Stored data entries
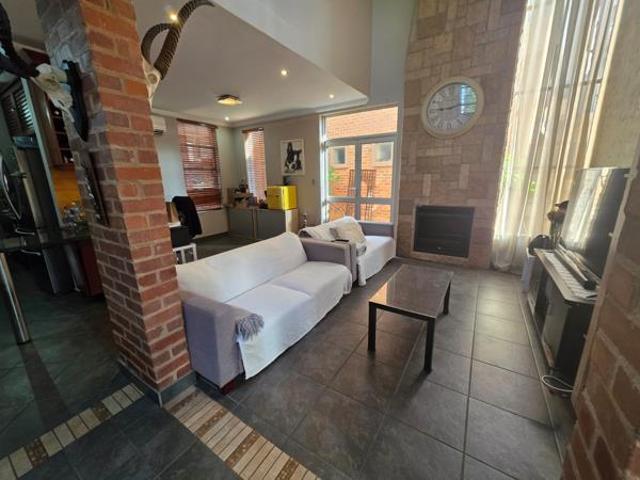 Townhouse for sale in Tlhabane, North West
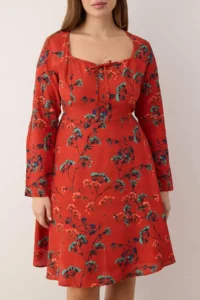 Trendyol Curve Burgundy Heart Yaka Floral Short Weaving Plus Size Dress - Image 3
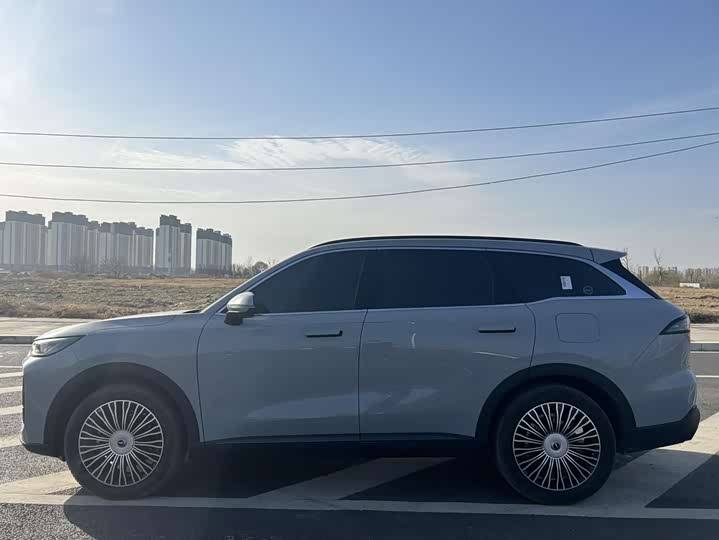 Chery Fulwin T9 2025 2025款 120 长续航版旗舰型 5座 磷酸铁锂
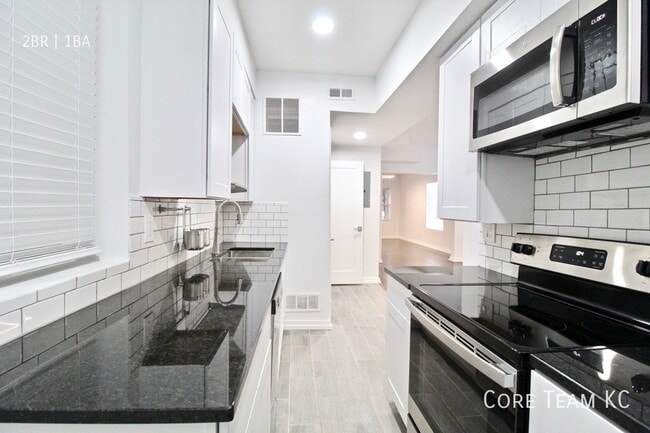 Building Photo - 7 E 38th St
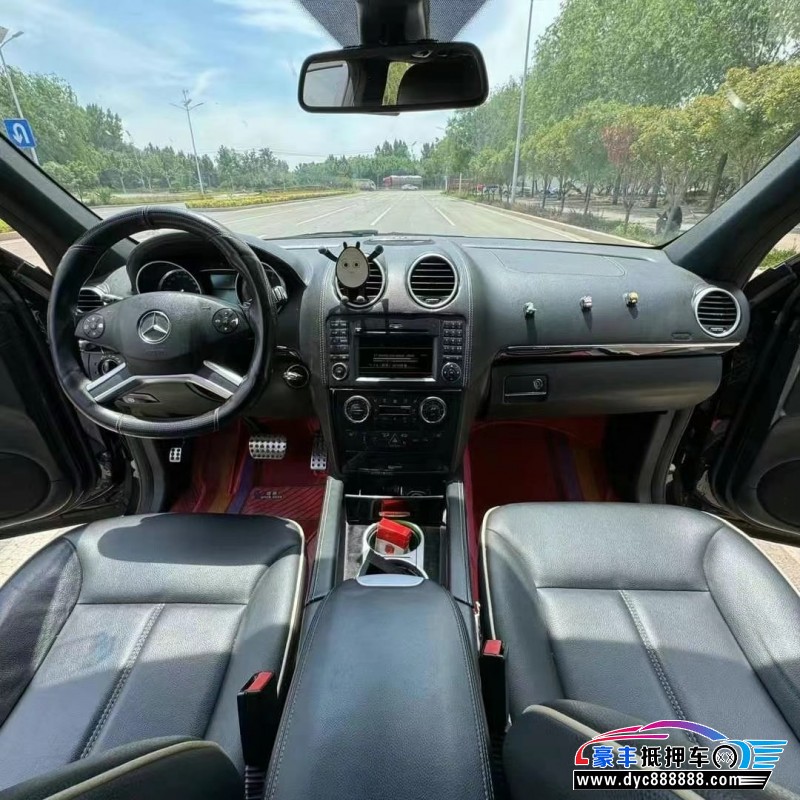 12年奔驰ML轿车抵押车出售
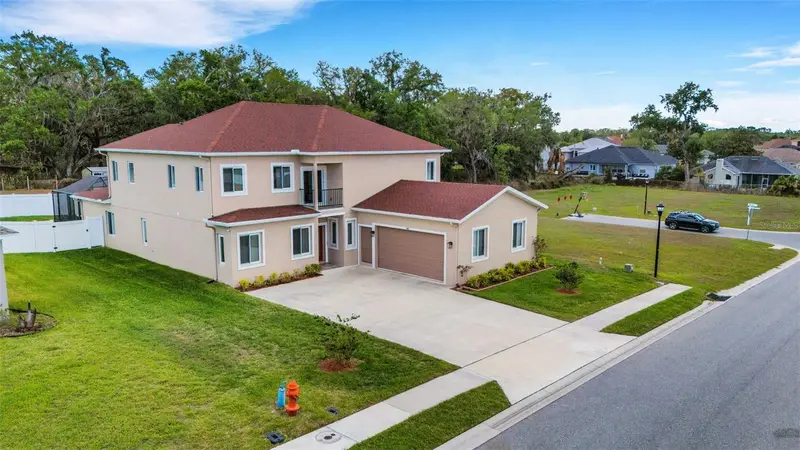 545 Gandhi Dr, FL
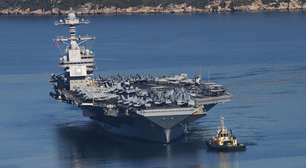 Problemas técnicos e banheiros entupidos obrigam maior porta-aviões do mundo a deixar o Mar Vermelho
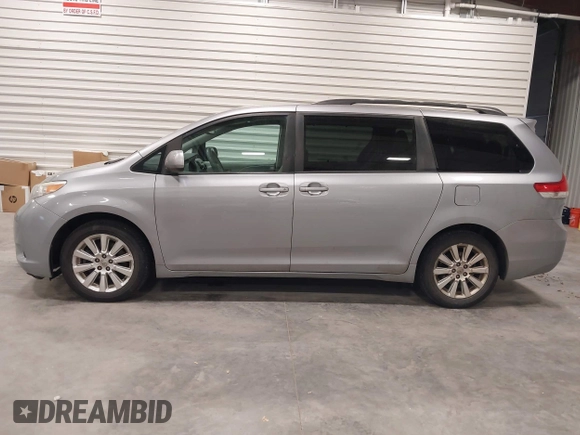 2011 Toyota Sienna XLE z VIN 5TDDK3DC4BS003792, wystawiony jako IAAI lot #41762481 z przebiegiem 201 051 mil mil oraz . Historia ofert i sprzedaży dostępna na DreamBid. Obrazek 14.
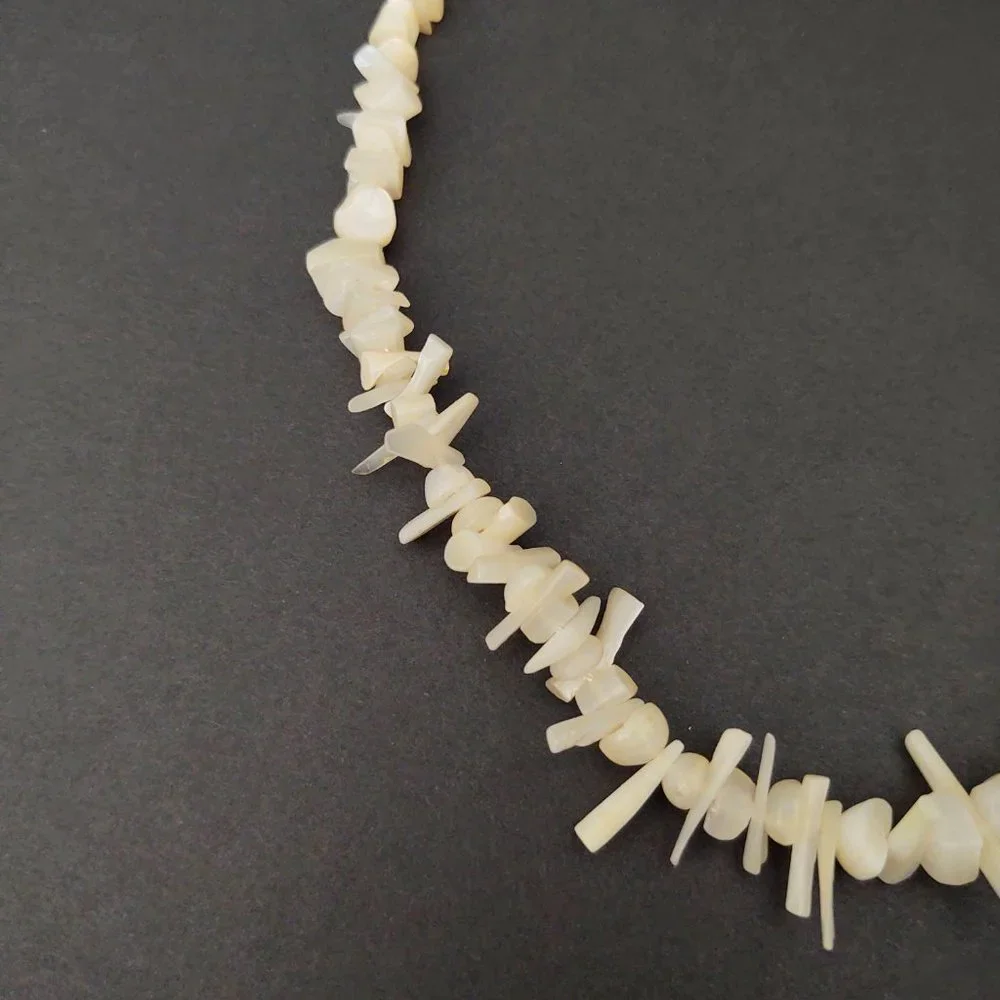 Cream shell & stone necklace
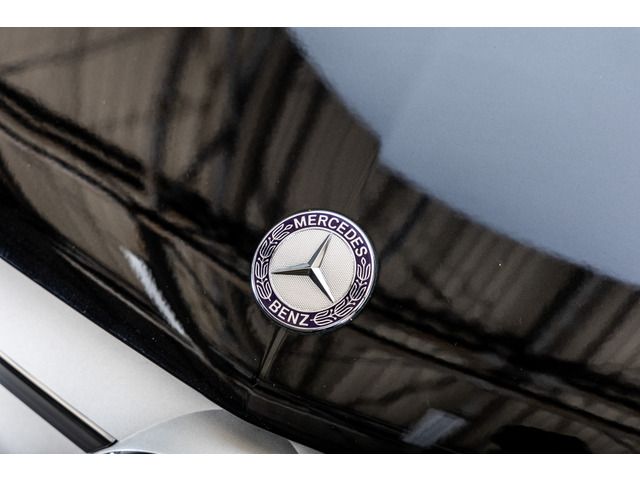 MERCEDES BENZ C class sedan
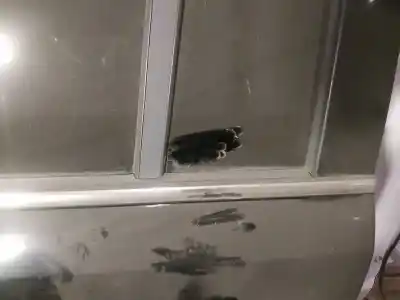 Pezzo di ricambio per auto di seconda mano plastica per opel zafira b 1.9 cdti riferimenti oem iam   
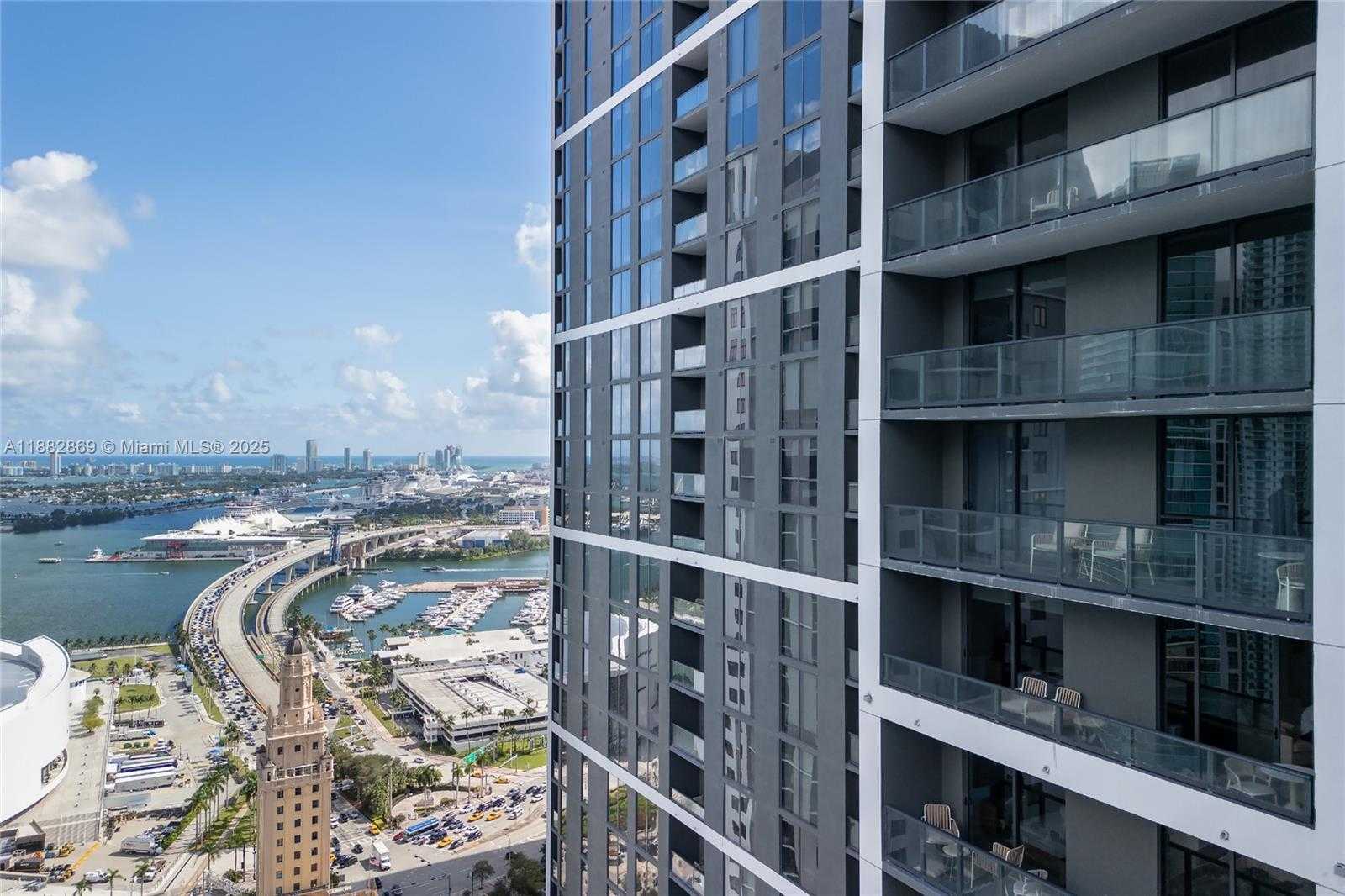 Small Image of 159 NE 6th St, Miami, FL 33132, USA Number 32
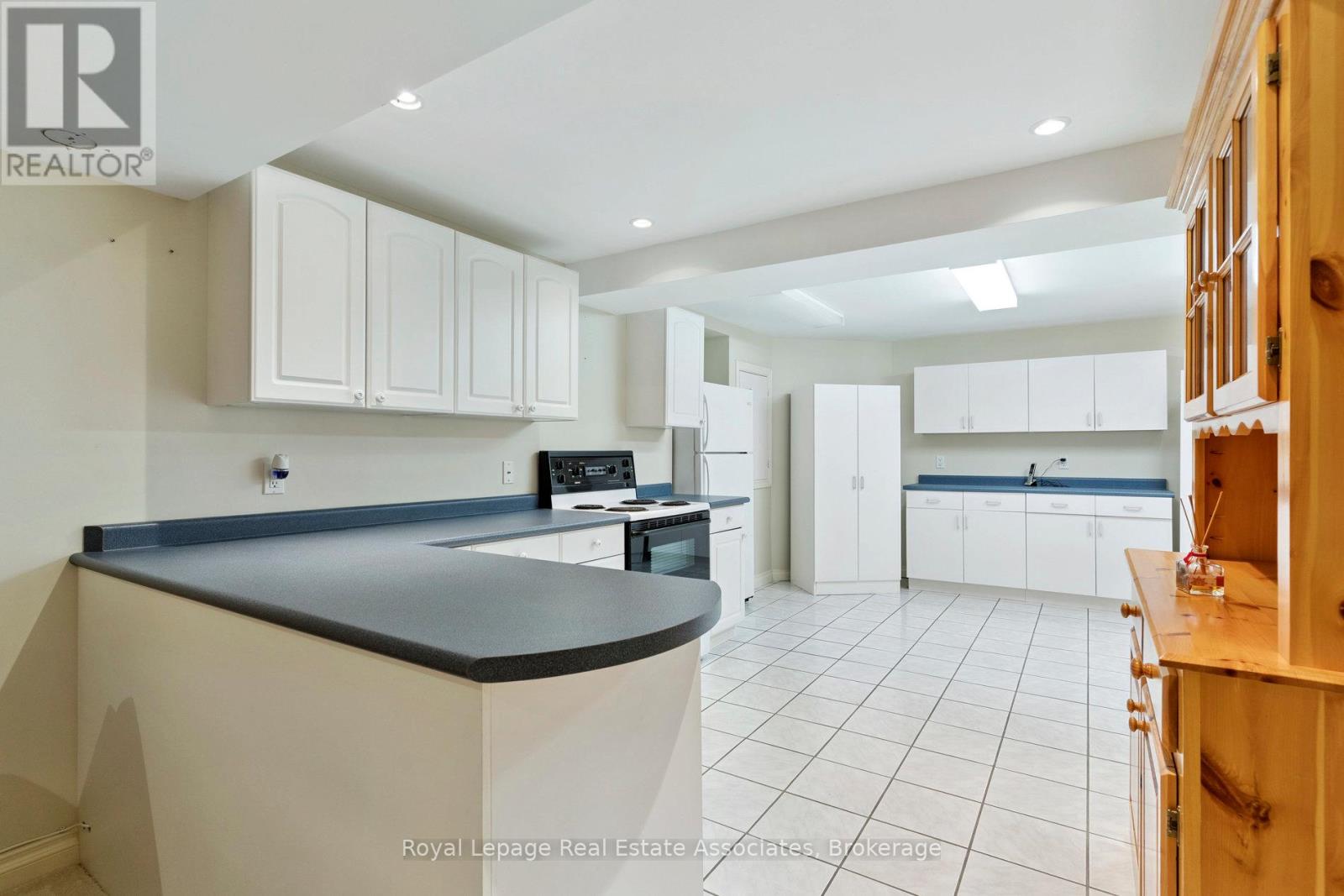 7 Powder Mill Court, Brampton, Ontario  L6R 1W5 - Photo 30 - W12831584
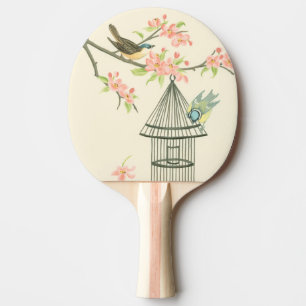 Små fåglar Perched på Gren och på en fågelbur Pingisracket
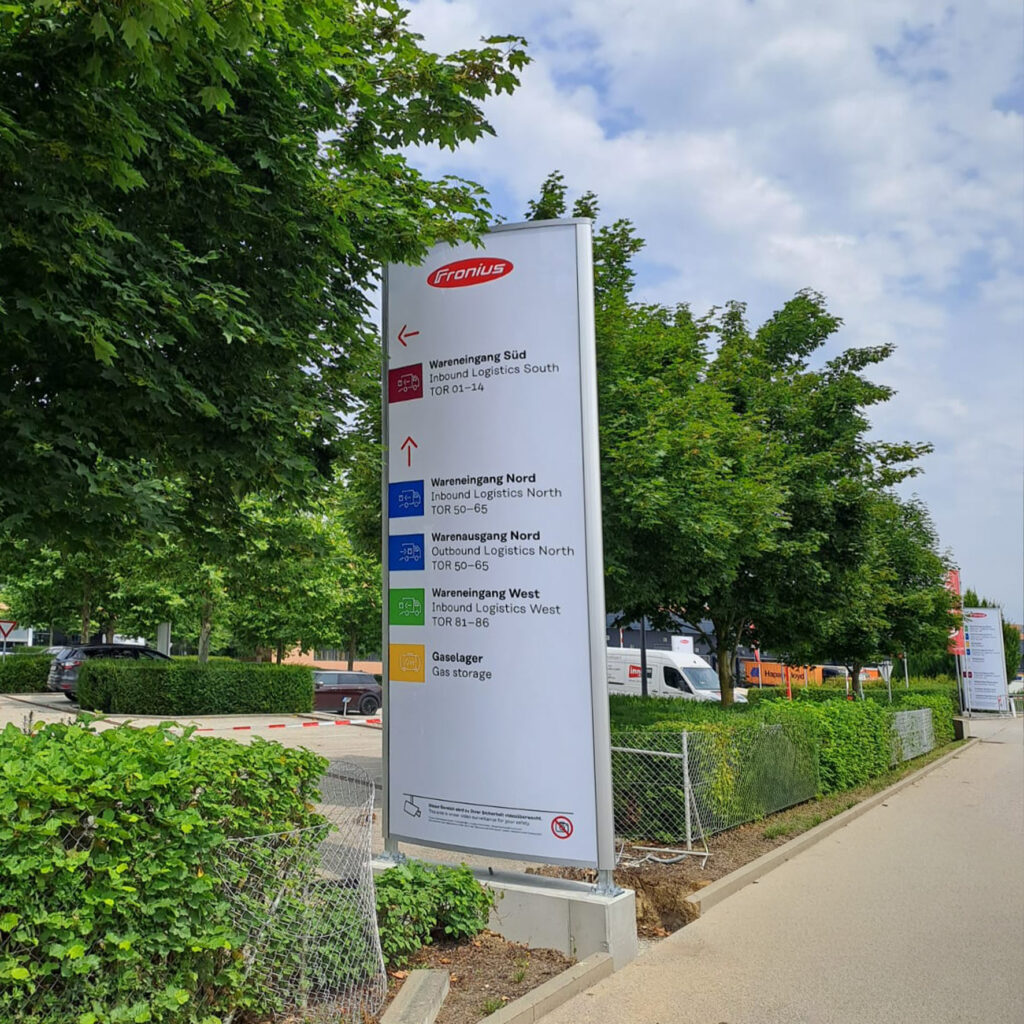 Beleuchteter Werbepylon mit geschwungener Acrylfront für Unternehmen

WHAT YOU HAVE TO DO
Give the entries above again, exactly as written and free of images.

SOLUTION FOR THIS PROBLEM
 Townhouse for sale in Tlhabane, North West
 Trendyol Curve Burgundy Heart Yaka Floral Short Weaving Plus Size Dress - Image 3
 Chery Fulwin T9 2025 2025款 120 长续航版旗舰型 5座 磷酸铁锂
 Building Photo - 7 E 38th St
 12年奔驰ML轿车抵押车出售
 545 Gandhi Dr, FL
 Problemas técnicos e banheiros entupidos obrigam maior porta-aviões do mundo a deixar o Mar Vermelho
 2011 Toyota Sienna XLE z VIN 5TDDK3DC4BS003792, wystawiony jako IAAI lot #41762481 z przebiegiem 201 051 mil mil oraz . Historia ofert i sprzedaży dostępna na DreamBid. Obrazek 14.
 Cream shell & stone necklace
 MERCEDES BENZ C class sedan
 Pezzo di ricambio per auto di seconda mano plastica per opel zafira b 1.9 cdti riferimenti oem iam   
 Small Image of 159 NE 6th St, Miami, FL 33132, USA Number 32
 7 Powder Mill Court, Brampton, Ontario  L6R 1W5 - Photo 30 - W12831584
 Små fåglar Perched på Gren och på en fågelbur Pingisracket
 Beleuchteter Werbepylon mit geschwungener Acrylfront für Unternehmen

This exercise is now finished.